En este cementerio no hay tristeza, ni tampoco soledad, ni alegría, ni los muertos permanecen, ni los vivos se acercan de visita, ya solo queda barro. Solo hay serenidad imperturbable, como una niebla fina flotando sobre lápidas y estatuas, que tantas cosas en silencio gritan.
Las fechas ya no hablan, ¿qué han de decirnos?, nació, murió, la edad, y los días ni definen al muerto cuando muerto, ni perfilan su imagen cuando en vida. Los nombres guardan un recuerdo en piedra casi siempre perdido en la brisa de cualquier día nublado o soleado. Sobre la tierra, el mármol o el granito, la división de clases, jerarquías, y es más bien para el beneficio de los vivos, los muertos ya igualados en cenizas, incapaces de ver la diferencia entre rosas lozanas o marchitas.
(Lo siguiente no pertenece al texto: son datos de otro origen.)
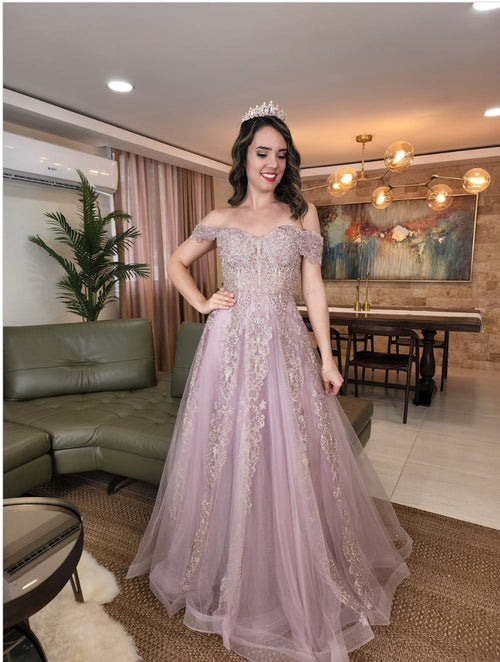 Chicas CA1103 Off-Shoulder Floor-Length Corset Formal Fabric Dress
Trepa la hiedra por los muros pardos de la vieja capilla, reliquia del pasado, que ha quedado en el ayer dormida.
La hiedra, vivo abrazo de todo lo que una vez vivió, y que ahora ya está sin vida. Siempre el ciprés, viejo centinela, más sin saber por qué o a quién vigila.
El cementerio es hoy ese sosiego que sigue al abandono, a la partida, cuando el dolor ya se ha desvanecido y se vuelve de nuevo a la rutina.